(DATA SEGMENT begins)
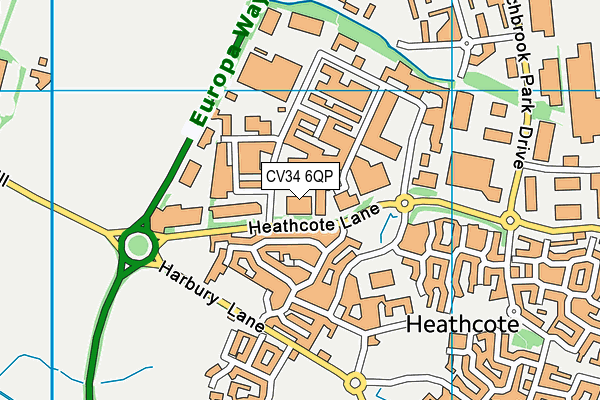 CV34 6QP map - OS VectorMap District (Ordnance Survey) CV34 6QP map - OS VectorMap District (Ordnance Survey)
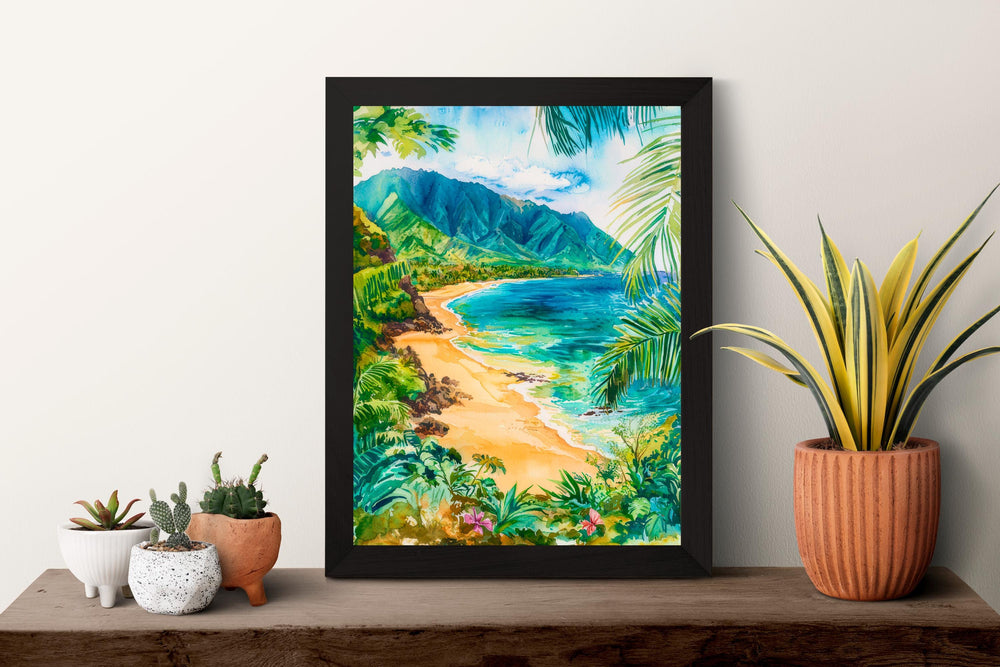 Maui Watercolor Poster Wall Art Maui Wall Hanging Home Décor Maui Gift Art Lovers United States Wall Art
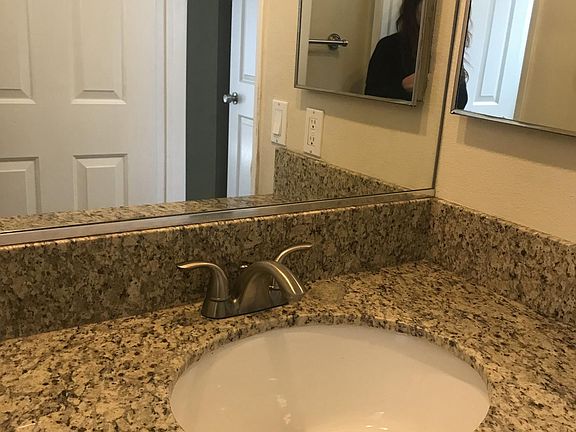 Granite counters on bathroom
(DATA SEGMENT ends)
### WHAT TO DO
Return the listing verbatim, pictures omitted.

### FINISHED EXERCISE
 CV34 6QP map - OS VectorMap District (Ordnance Survey) CV34 6QP map - OS VectorMap District (Ordnance Survey)
 Maui Watercolor Poster Wall Art Maui Wall Hanging Home Décor Maui Gift Art Lovers United States Wall Art
 Granite counters on bathroom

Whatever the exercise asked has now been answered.